WCUB
- Two Rivers, Wisconsin; United States;
- Broadcast area: Two Rivers-Manitowoc-Sheboygan Green Bay metro
- Frequency: 980 kHz
- Branding: 97.1 WCUB

Programming
- Format: Classic country
- Affiliations: Fox News Radio; NASCAR radio networks (MRN, PRN, IMSRN);

Ownership
- Owner: Mark Seehafer; (Seehafer Broadcasting Corp.);
- Sister stations: WEMP, WLKN, WLTU, WOMT, WQTC

History
- First air date: 1951
- Call sign meaning: Cub Radio, in reference to station's ursine mascot

Technical information
- Licensing authority: FCC
- Facility ID: 14702
- Class: B
- Power: 5,000 watts
- Transmitter coordinates: 44°3′50.00″N 87°41′49.00″W﻿ / ﻿44.0638889°N 87.6969444°W
- Repeater: 97.1 W246DY (Two Rivers)

Links
- Public license information: Public file; LMS;
- Website: www.cubradio.com

= WCUB =

WCUB (980 AM) is a commercial radio station licensed to Two Rivers, Wisconsin, United States. The station is owned by Mark Seehafer, through licensee Seehafer Broadcasting Corporation, with studios at Mangin Street in Manitowoc. It airs a classic country format.
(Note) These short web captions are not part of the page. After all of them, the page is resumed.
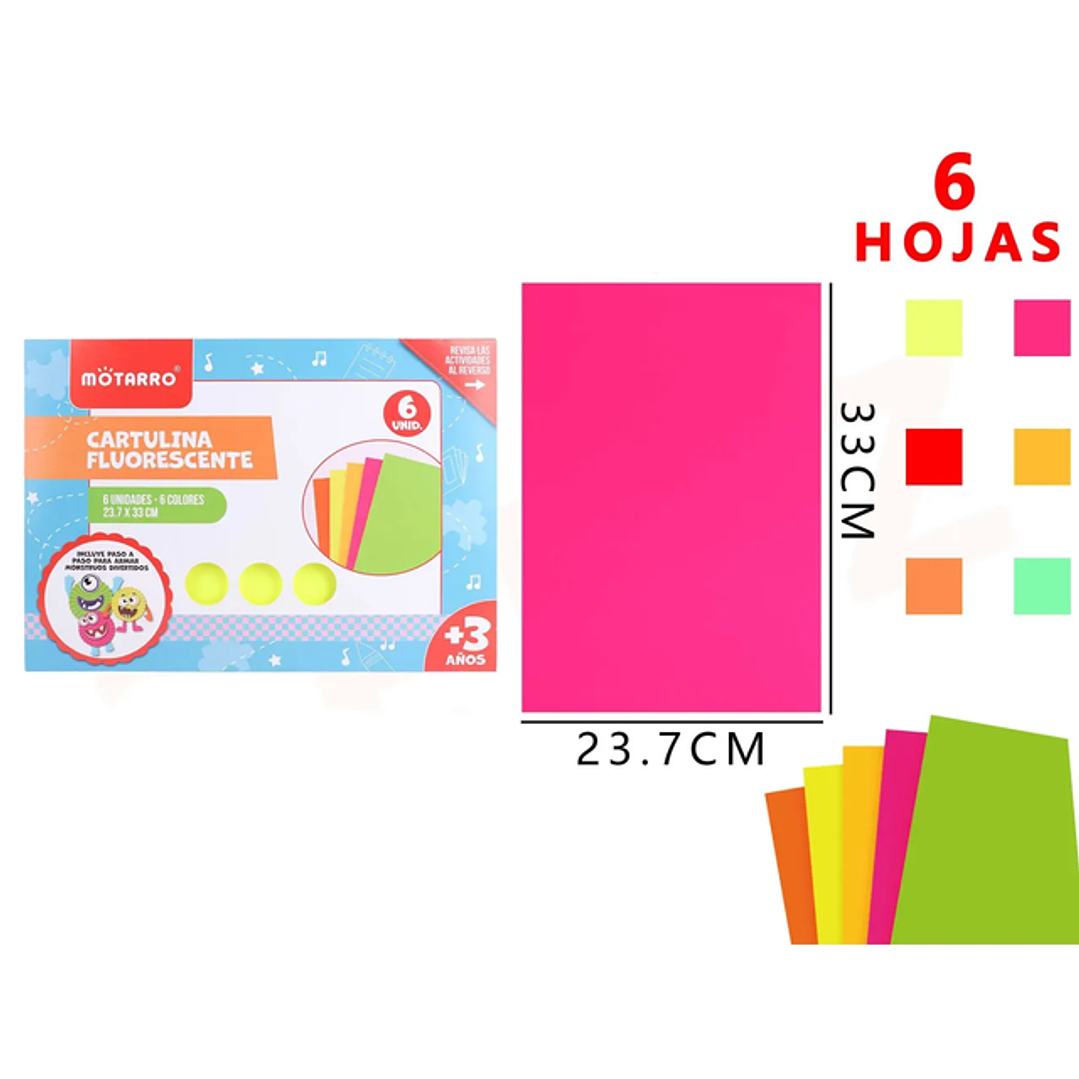 Cartulina Fluorescente 33 x 23.7cm 1
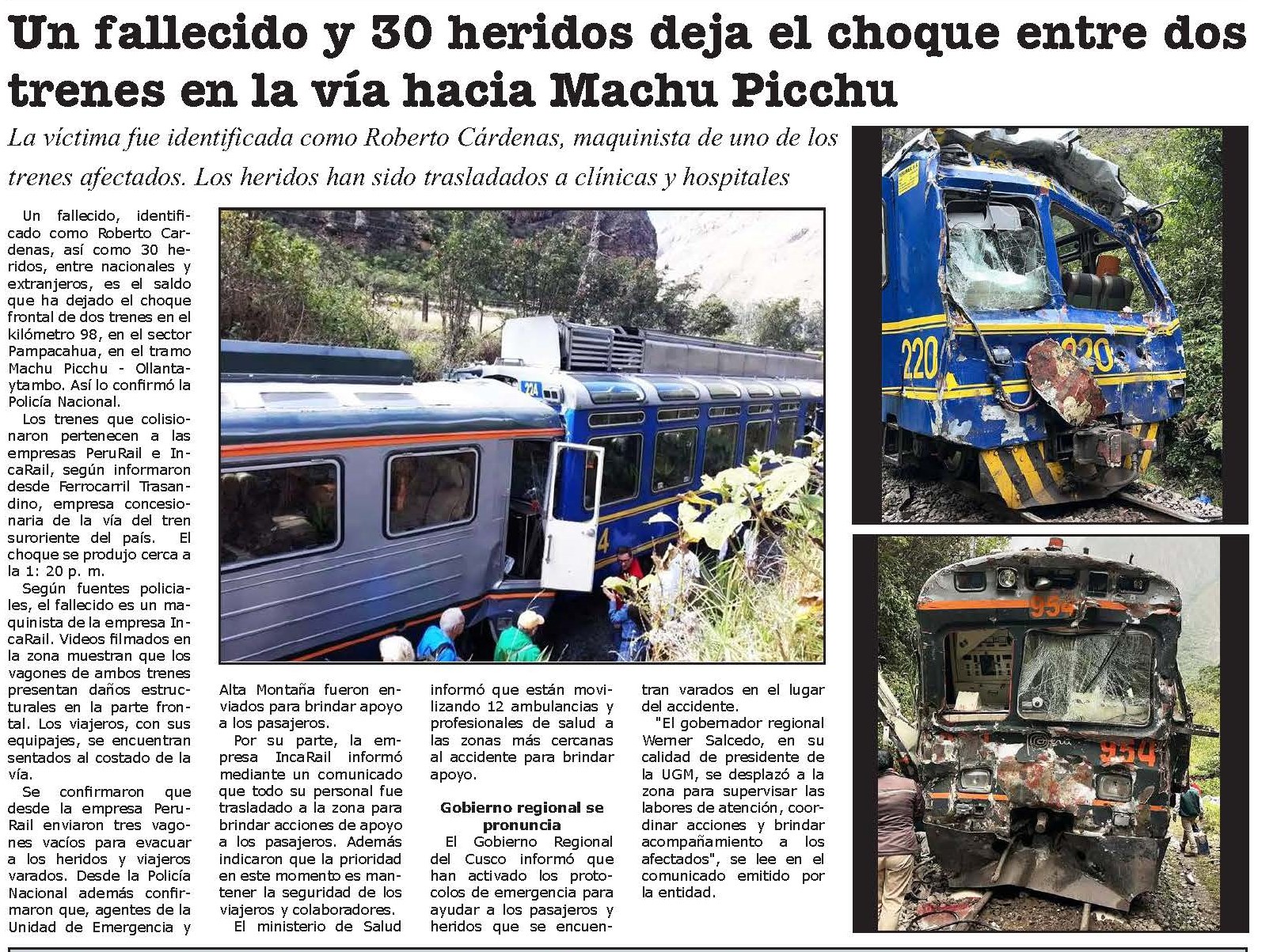 Un fallecido y 30 heridos deja el choque entre dos trenes en la vía hacia Machu Picchu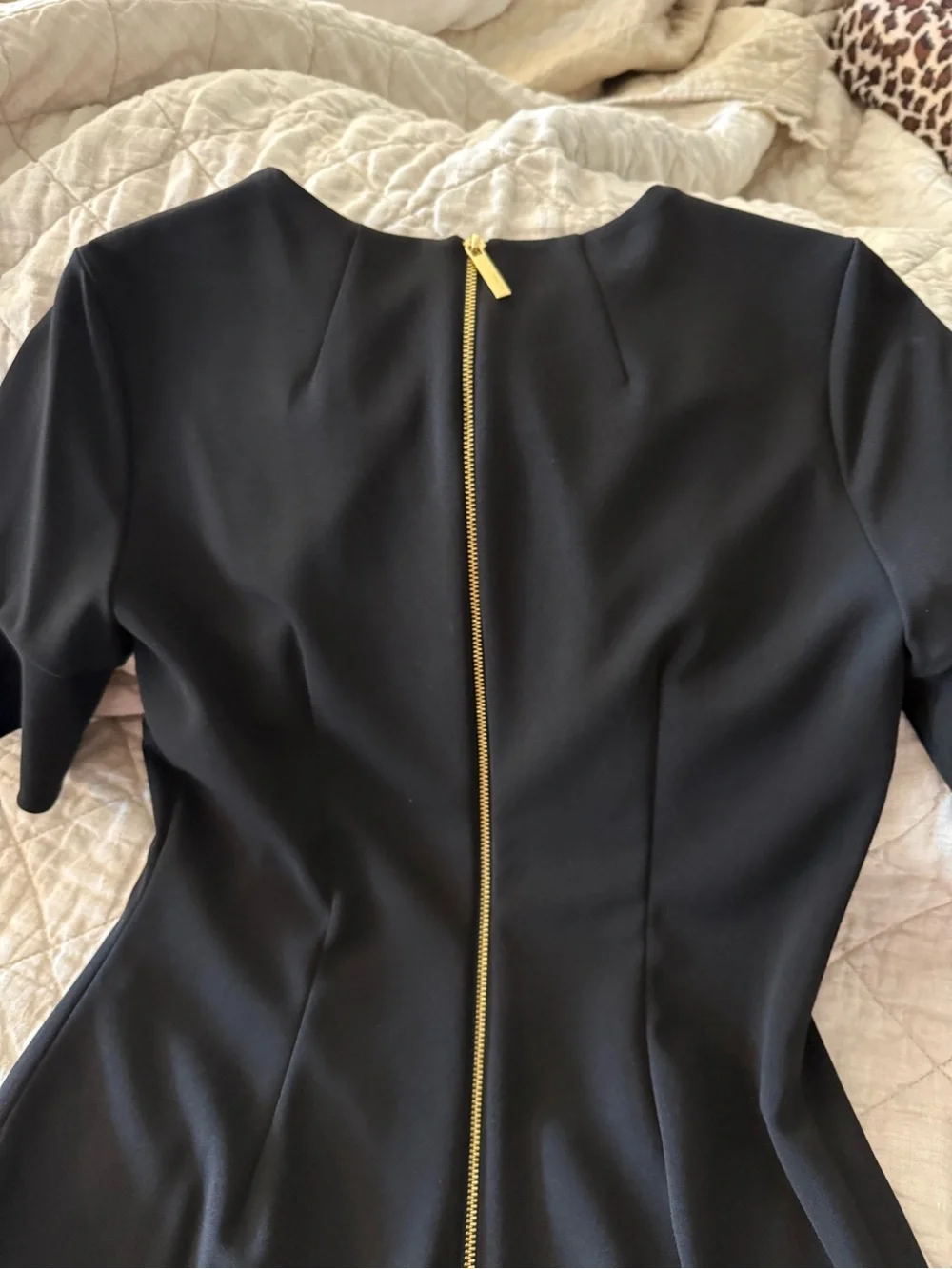 Calvin Klein Black Midi Sheath Dress with Ruffle Sleeves - Picture 4 of 7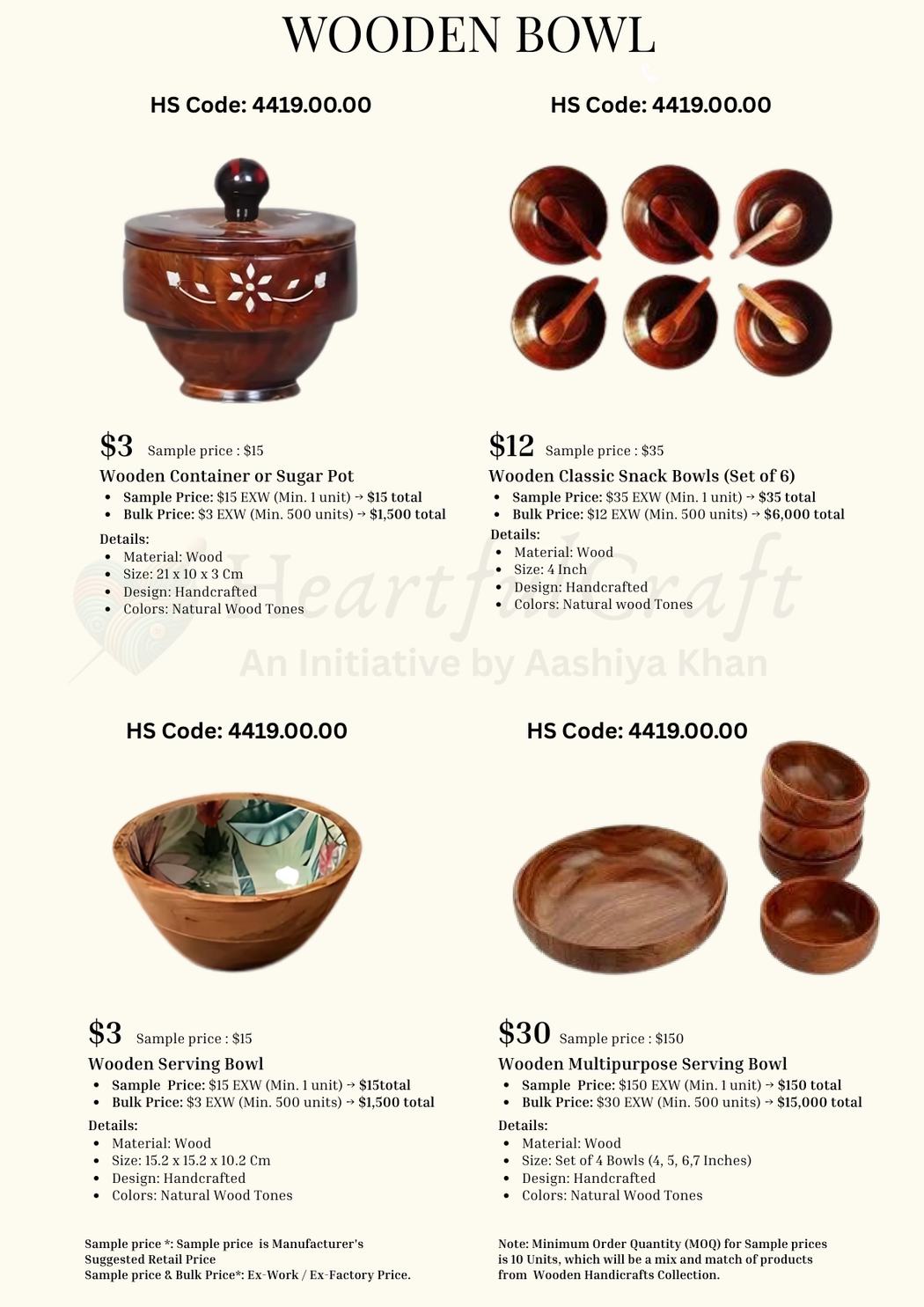 Wooden Bowl catalogue page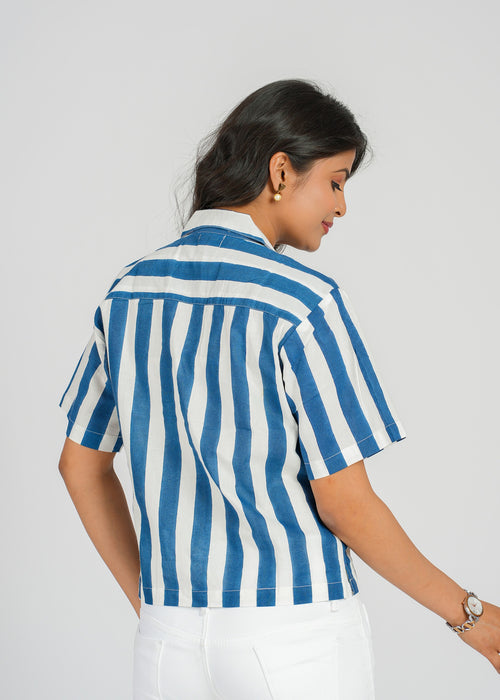 Blue Stripe Crop Shirt
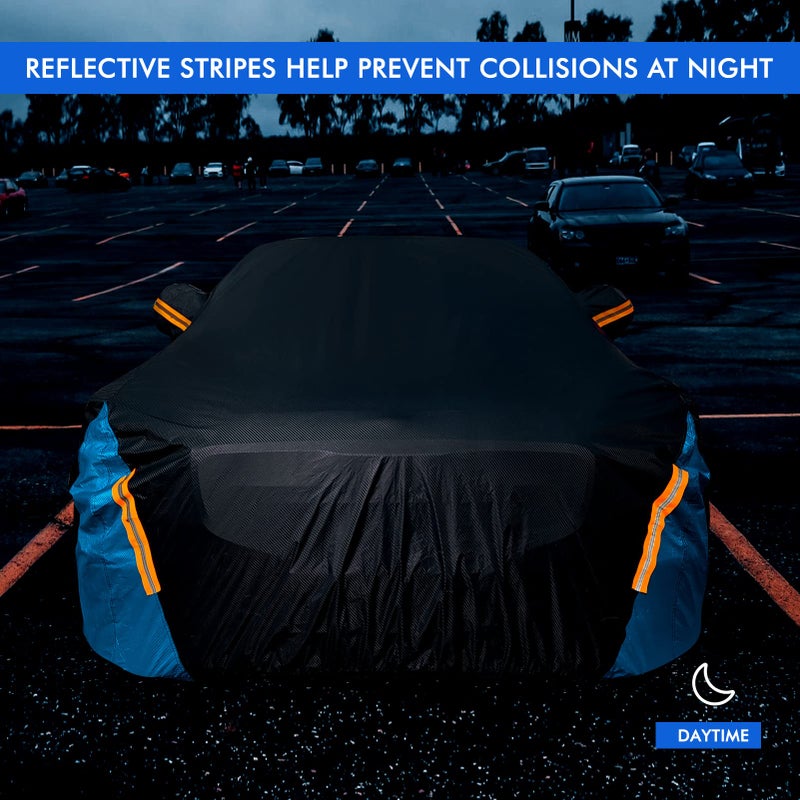 DINGHAO Car Cover Waterproof All Weather for Automobiles, 6 Layers Outdoor Full Exterior Cover Rain Sun UV Snowproof Protection with Zipper Cotton, Mirror Pocket for Sedan (190-195 inch) - Image 5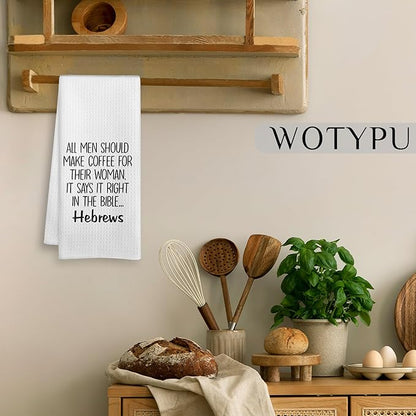 Funny Coffee Kitchen Towels, Coffee Gifts for Men Women Dish Tea Bar Towel, Housewarming Gifts Decorative Hand Towels for Kitchen Home Bar Decor, 16x24 Inch
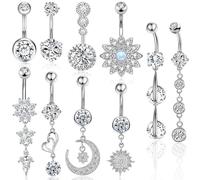 CharmBurst 10 Piezas Set de Piercing para Ombligo Plata, Diseños Variados con Circonio, Hipoalergénico y Libre de Níquel, Joyería Anillo Ombliguero Resistente al Agua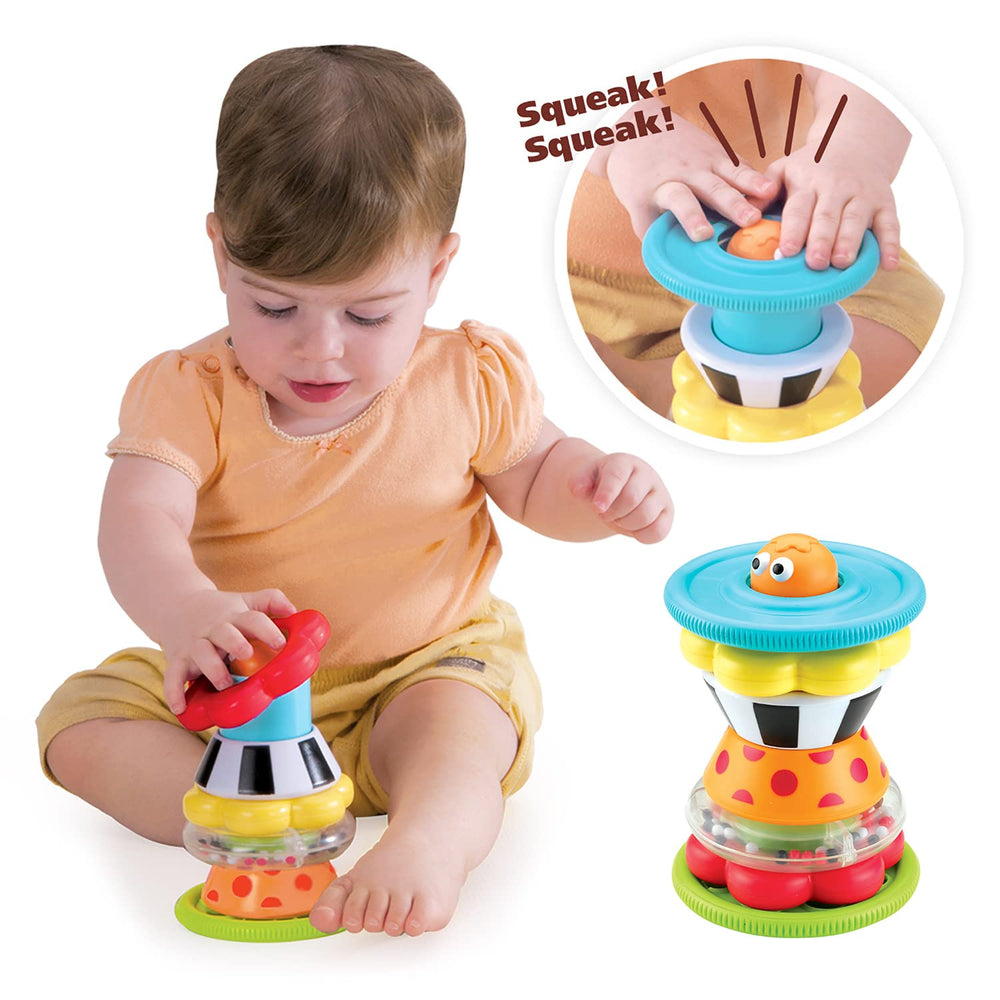 Yookidoo colorful play set delivers vibrant visuals and music for engaging floor play sessions.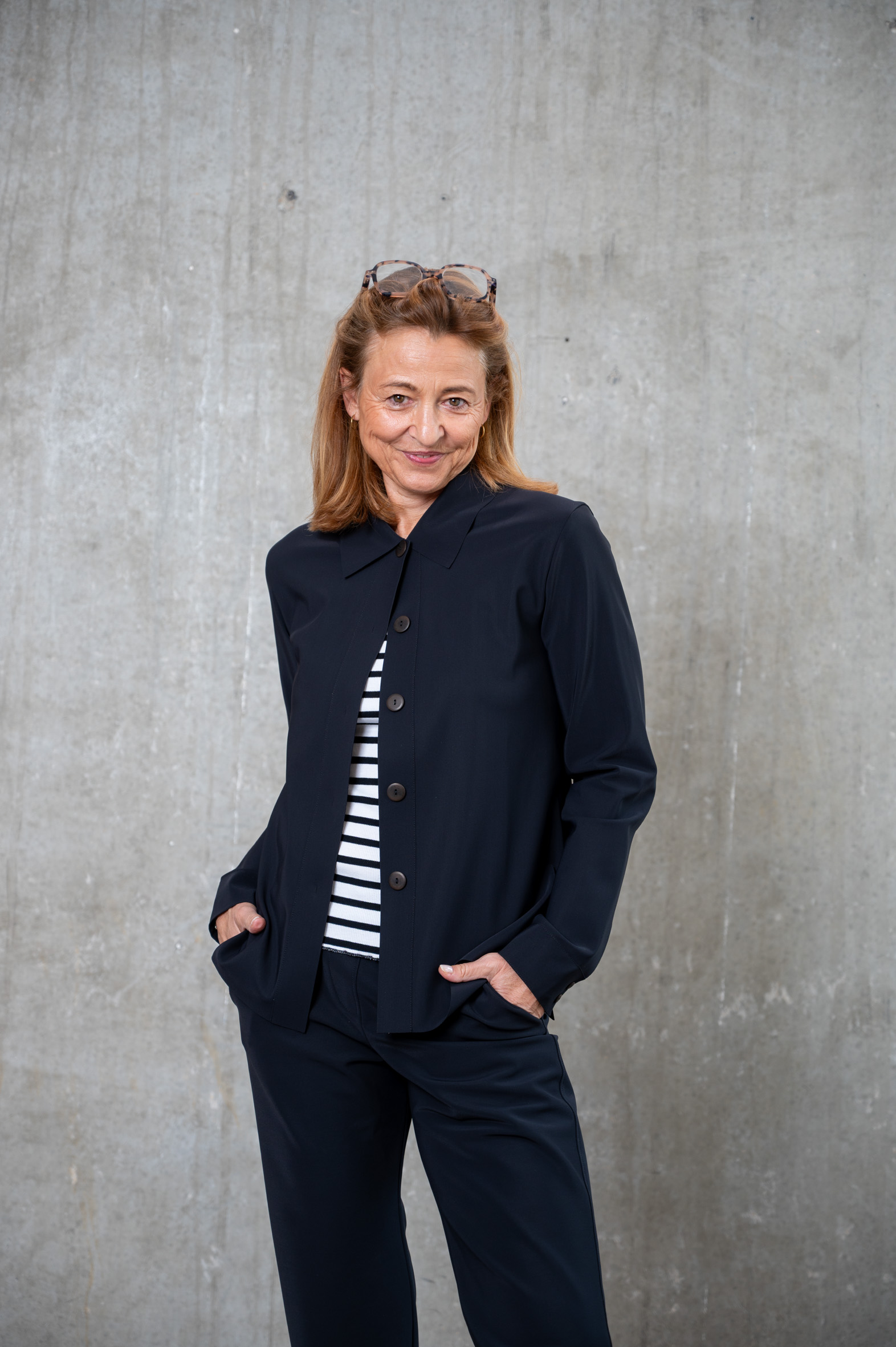 SASSENBACH_Style Bluse ALMUT schoko & schwarz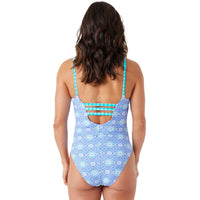 Stella Parker Standard Lace Up One-piece Swimsuit in blue charm - women's swimwear - view 5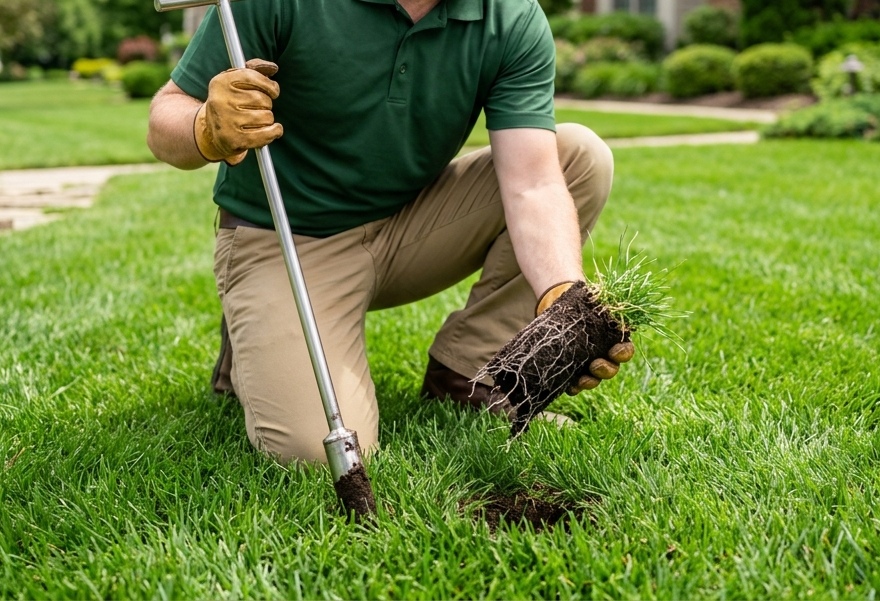 A professional lawn care specialist performing a soil test and inspecting root health on a lush lawn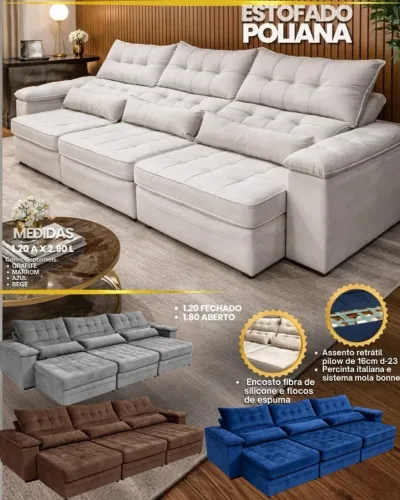 Sofá Retrátil e Reclinavel 2.90cm de Largura Espuma D33 Novo Direto da Fabrica
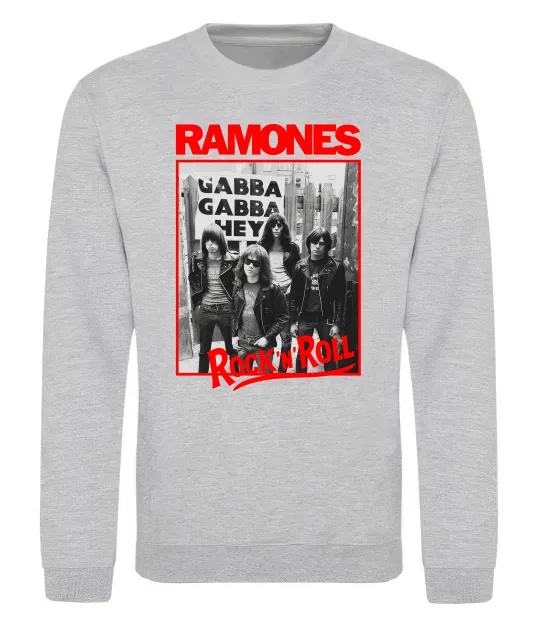 Свитшот Ramones Rock n Roll Серый меланж фото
WCUB's transmitter is sited off Viebahn Street at South 42nd Street, near Interstate 43 in Manitowoc. The signal covers Two Rivers, Manitowoc and Sheboygan along with city-grade coverage of Brown County and Green Bay. Programming is also heard on low-power FM translator W246DY at 97.1 MHz in Two Rivers.

==History==
The station signed on the air in 1951. It was a 500-watt daytimer.

On November 19, 1965, it added a sister station, WKKB-FM at 92.1 MHz. In the 1960s and 70s, the two stations simulcast a popular Top 40 format. Today, the FM station is a country outlet as WLTU. The stations were purchased by Seehafer Broadcasting in 2018, the owners of its longtime rivals, WOMT (1240) and WQTC-FM (102.3), and merged into Seehafter's facility soon after.

In early May 2020, WCUB started simulcasting on FM translator W246DY at 97.1 MHz, as a part of the FCC's AM revitalization plan.

==Programming==
WCUB plays country music hits from the 1960s, 70s, 80s and 90s. Most hours begin with an update from Fox News Radio.

WCUB is also the home of NASCAR radio coverage from all three NASCAR radio networks, along with the Indianapolis 500's radio network (including the Brickyard 400), serving that role for not only Manitowoc, Two Rivers and Sheboygan, but Green Bay and the Fox Cities.